By Phil Mercer
BBC News, Sydney
Australia and East Timor have signed a treaty that allows them to share billions of dollars in revenues from disputed oil and gas fields.
The agreement ends a long-running row over lucrative energy reserves in the Timor Sea.
The East Timorese government has said it was happy with the agreement.
Foreign Minister Jose Ramos Horta insisted it was a win-win situation. His impoverished country could earn up to $10bn from the deal.
East Timor certainly needs the money, as it is still heavily reliant on foreign aid since it became independent from Indonesia in 2002.

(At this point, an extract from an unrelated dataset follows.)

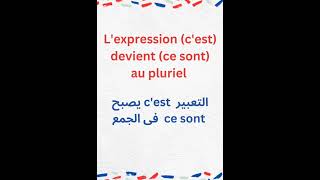 الدرس التاسع من قواعد اللغة الفرنسية : تصريفات الجمع في الفرنسية | Le pluriel en Françes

The treaty with Australia ends a marathon dispute over energy resources in the Timor Sea. Over the past two years, negotiations have at times been acrimonious.
Australia was forced to deny accusations that it was trying to bully its tiny neighbour.
It is hoped the arrangement should clear the way for the start of gas and oil production in the Greater Sunrise field, which is regarded as the jewel beneath the Timor Sea and is worth an absolute fortune.
A statement released in Canberra said Australia and East Timor would share the proceeds equally if the project goes ahead. After so many delays, the companies involved in the Greater Sunrise plan have not yet decided if it will proceed.
Talks on the sensitive issue of a maritime boundary between the two countries have been shelved as part of this energy treaty.
A final decision has been deferred for 50 years, to allow oil and gas schemes to go ahead.
TIMOR SEA RESOURCES
Australia and E Timor agreed in 2002 that Dili would get 90% of revenue from the Joint Petroleum Development Area (JPDA).
The JPDA includes some or all of two major resource sites - Sunrise and Troubadaour (known together as Greater Sunrise) and Bayu-Undan.
But E Timor would get more if a maritime boundary in the Timor Sea were re-drawn.
The boundary, agreed in 1972 by Australia and E Timor's former ruler Indonesia, currently gives Australia the lion's share of the resources.
E Timor wants it redrawn at a point equidistant between the two nations. This would give Dili most of the resources.